======== Exercise input ========

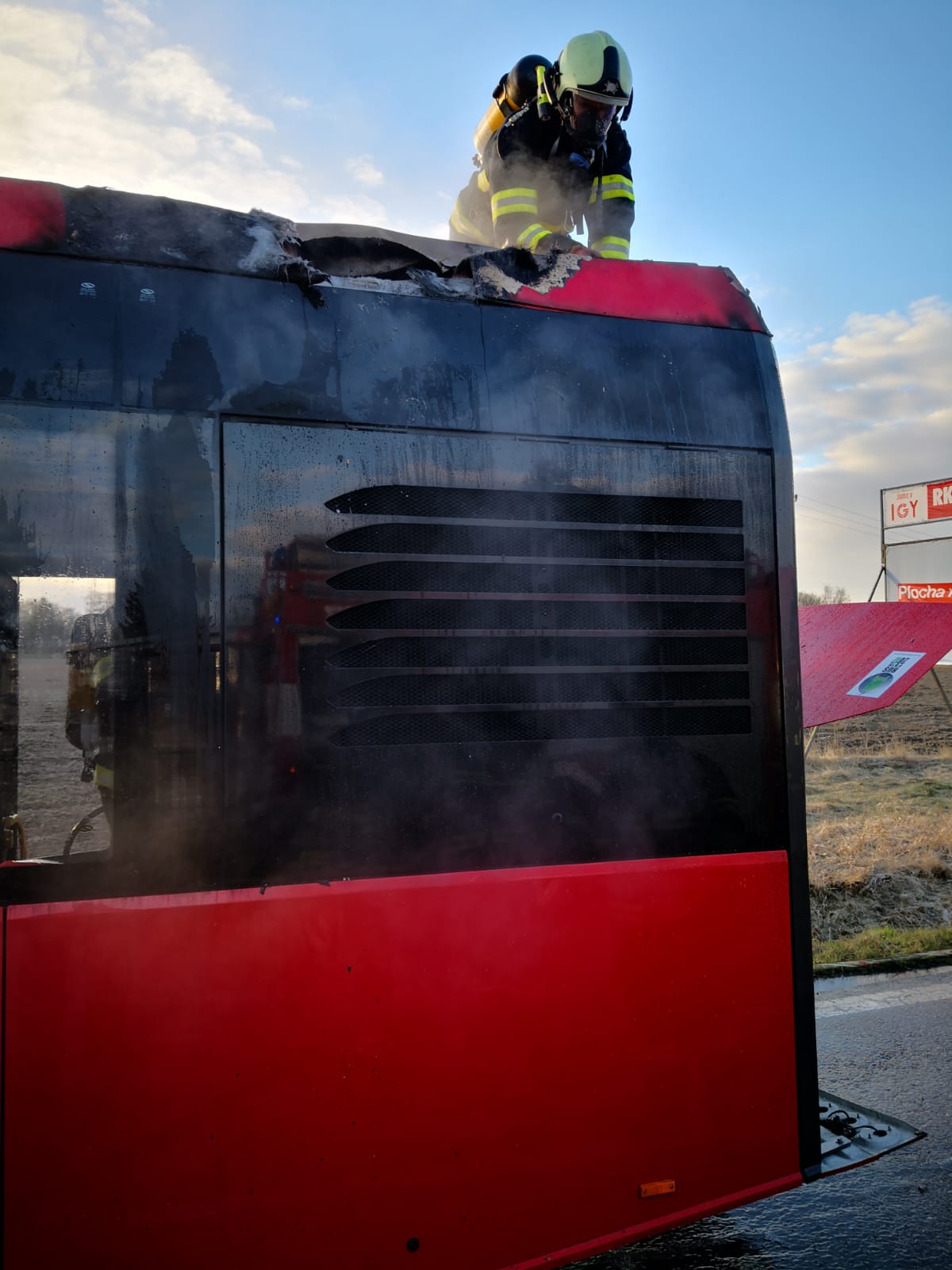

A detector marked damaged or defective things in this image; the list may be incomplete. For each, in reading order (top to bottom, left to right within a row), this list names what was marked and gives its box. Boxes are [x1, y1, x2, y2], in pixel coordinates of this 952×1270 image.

burned bus roof [0, 175, 771, 333]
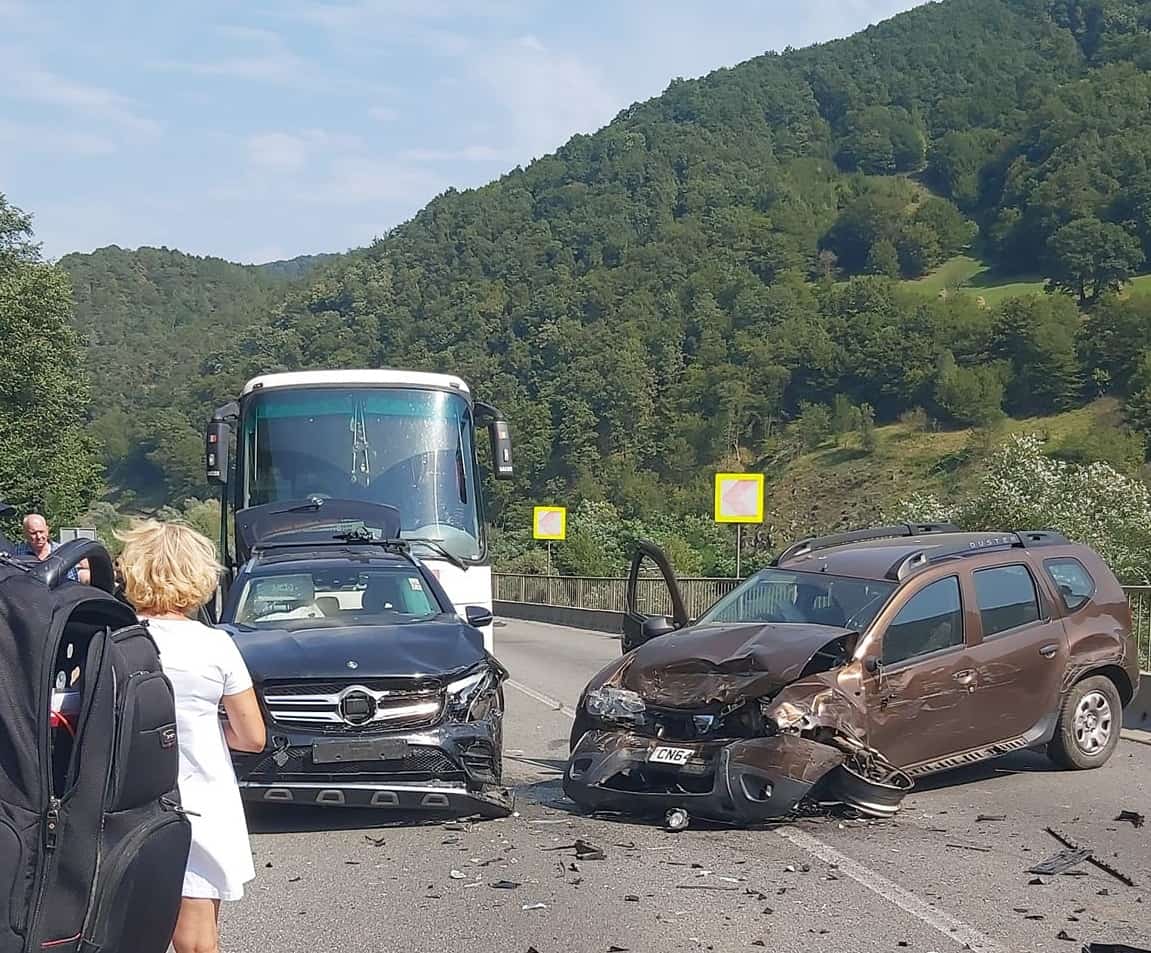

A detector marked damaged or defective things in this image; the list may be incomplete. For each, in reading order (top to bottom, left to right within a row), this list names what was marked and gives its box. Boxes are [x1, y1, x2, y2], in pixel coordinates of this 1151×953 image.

broken headlight [444, 667, 499, 718]
broken headlight [589, 685, 644, 722]
damaged hood [621, 621, 856, 708]
crumpled front bumper [563, 727, 847, 828]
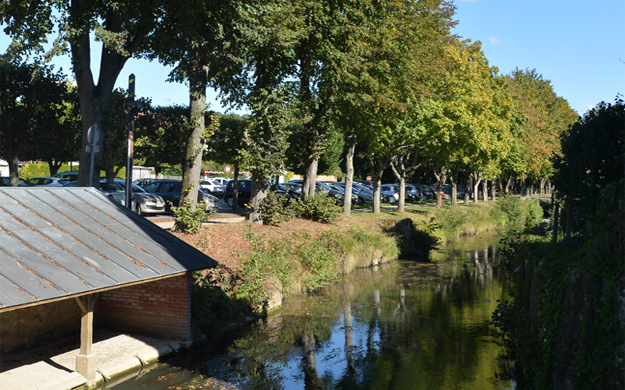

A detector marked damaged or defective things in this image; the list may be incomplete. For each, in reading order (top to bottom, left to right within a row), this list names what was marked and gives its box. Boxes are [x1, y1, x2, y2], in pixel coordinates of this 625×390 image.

weathered rusty roof panel [0, 187, 219, 310]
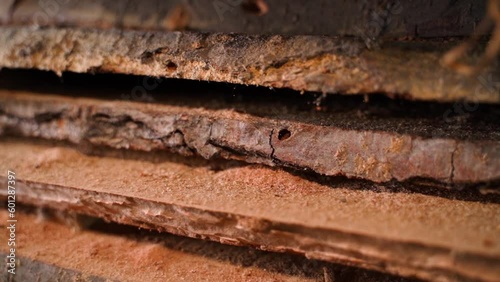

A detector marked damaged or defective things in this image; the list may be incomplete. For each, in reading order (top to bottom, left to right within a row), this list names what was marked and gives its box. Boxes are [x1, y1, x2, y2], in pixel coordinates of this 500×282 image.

========

## Work order:
The copy should hold exactly the lines from the line containing "this 625×390 image." through the last line of the records, both included, and no pictures or other lines.

## Exercise result:
A detector marked damaged or defective things in this image; the list may be incomplete. For each, in reading order (top to bottom, left to right within a row), this list names what was marked and gives its box. Boxes are [x1, y1, x2, y2], in pixel coordinates of this 625×390 image.

weathered rusty roof panel [0, 187, 219, 310]

A detector marked damaged or defective things in this image; the list may be incomplete. For each, in reading order (top to bottom, left to right within a row), this list names what was marked and gives its box. Boxes are [x1, y1, x2, y2], in pixel coordinates of this 500×282 image.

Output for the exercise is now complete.